Investors should expect to see the renewable energy assets take a more prominent role in its future portfolio as the company works to bring the 1.9 GW worth of projects through its development pipeline and as it completes the sale of its thermal business (presumably in the coming months).
As the company develops the projects in its pipeline, Clearway Energy will increasingly grow its cash flow. This, in turn, will afford management the ability to grow its distribution to shareholders. How much more green can investors expect? Management forecasts growing the dividend 5% to 8% from the $1.33 it paid out in 2021 through 2026.

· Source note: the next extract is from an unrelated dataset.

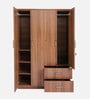 Kibo 4 Door Wardrobe In Lyon Walnut Finish With Adjustable Shelf & Drawer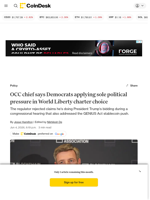 OCC chief says Democrats applying sole political pressure in World Liberty charter choice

Oftentimes, high-yielding dividend stocks like Clearway Energy give conservative investors pause as they wonder if the high dividend is coming at the cost of the company's financial health. In the case of Clearway Energy, this doesn't seem to be the case. Over the past five years, the company's strong free cash flow has sufficiently covered the dividend. During this period, Clearway Energy averaged an annual dividend per share of $1.10 while averaging annual free cash flow per share of $3.97.